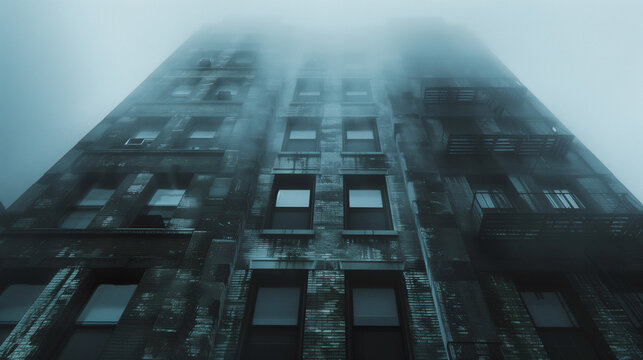 a dreary building full of mist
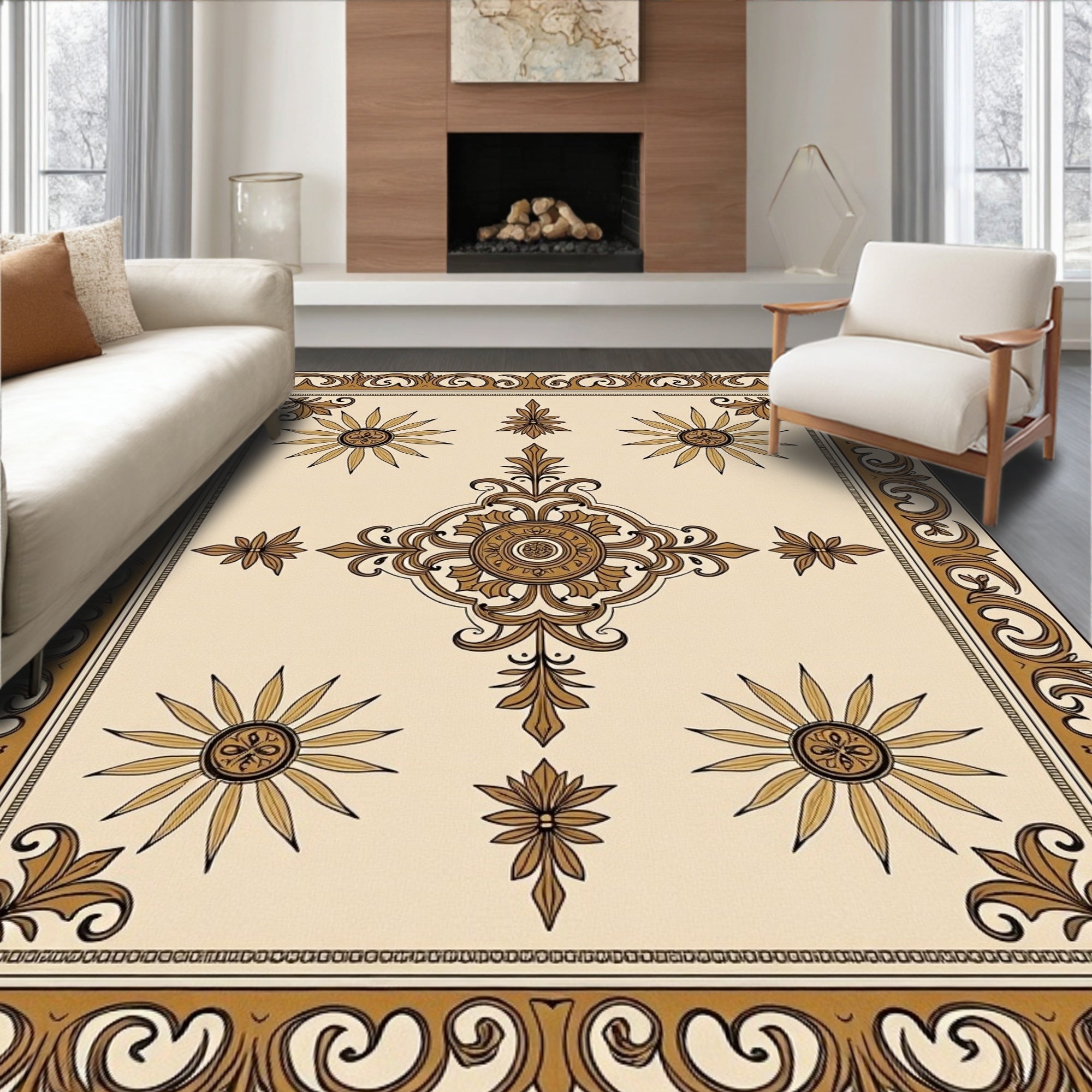 Scroll Heirloom Damask Symmetrical Radiant Ornament (Beige) - ODIKA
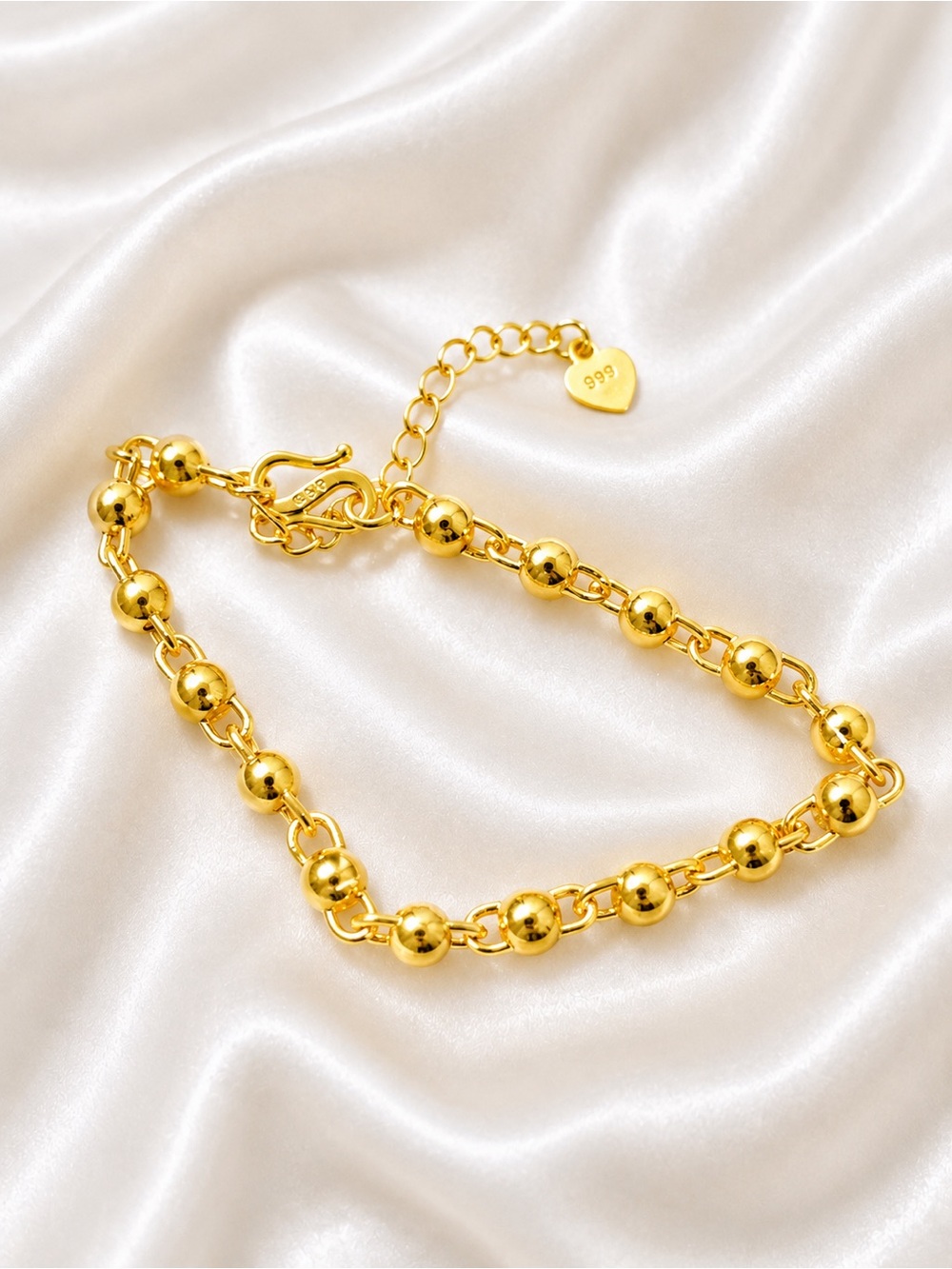 24K Gold Plated Lucky Orb Adjustable Link Bracelet (16.5-21.5cm|6.5-8.5”)w/bag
++++++++++++++++++++
- **PROBLEM REQUIREMENTS**
The whole listing above, line by line, needs to be copied exactly, except for any images.

- **EXERCISE OUTPUT**
 a dreary building full of mist
 Scroll Heirloom Damask Symmetrical Radiant Ornament (Beige) - ODIKA
 24K Gold Plated Lucky Orb Adjustable Link Bracelet (16.5-21.5cm|6.5-8.5”)w/bag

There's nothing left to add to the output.